LIVRE : Dino Egger d'Eric Chevillard - 2011

9782707321435Quelle douleur intime ronge donc notre ami Chevillard pour qu'il en revienne ainsi, inlassablement, au thème de l'impuissance, du manque, de l'échec ? Après Du Hérisson, après Le Démarcheur, après Le Caoutchouc décidément, bon, après la quasi-intégralité de son oeuvre consacrée à cette souffrance, voici Dino Egger, archétype de la chose : il s'agit de nous parler d'un génie qui n'est jamais né, et de décrire le monde tel qu'il est en l'absence de ce génie. S'il avait vu le jour, Dino aurait révolutionné le monde ; mais n'étant jamais apparu, le monde est tel qu'il est. On voit dès les premières pages la part de rage contenue dans ce livre : Chevillard est toujours à la recherche désespérée de son art, de la phrase juste, du génie.

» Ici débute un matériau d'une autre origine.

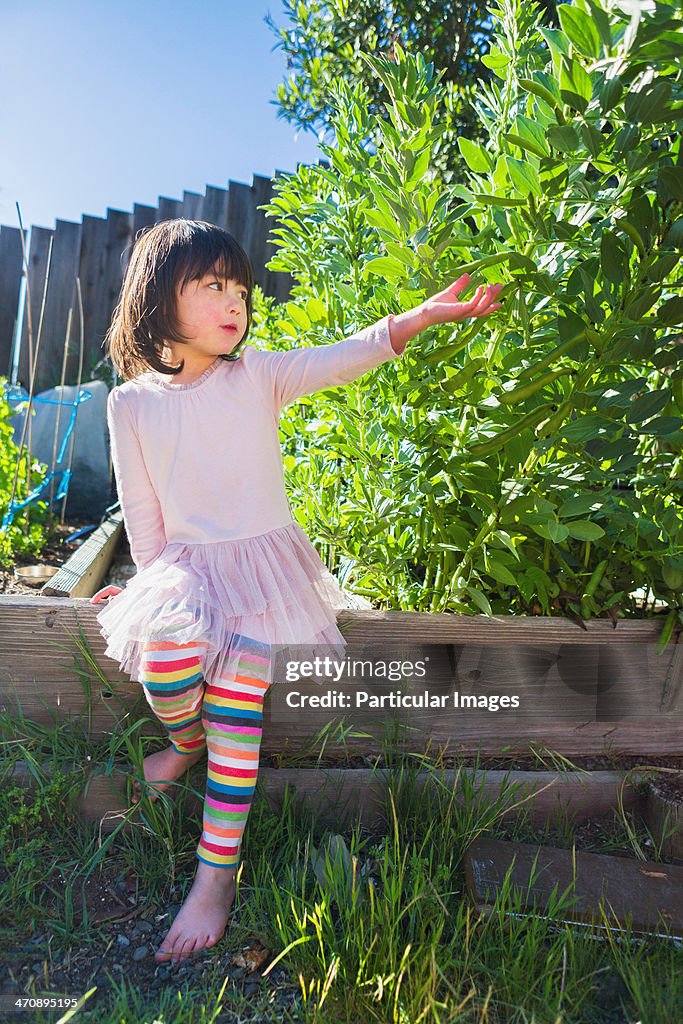 Girl in fava bean garden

Ce roman n'est qu'une longue déclinaison sur les limites de l'écriture, sur la petitesse de son auteur (Albert Moindre, alter-ego de Chevillard lui-même), sur la soif de grandeur. Exercice de masochisme très ambivalent : d'un côté le livre est brillamment sophistiqué, de l'autre il décrit une impuissance, un manque. Ca va jusqu'à la thèse, assez morbide, que ce n'est pas Dino Egger qui manque au monde, mais Albert Moindre qui y est en trop. Sous ses airs de virtuosité conceptuelle, ce livre est un cri de douleur, pudique et troublant. C'est la grandeur de Chevillard de cacher les thèmes les plus sombres sous le clinquant d'une écriture richissime et ultra-travaillée.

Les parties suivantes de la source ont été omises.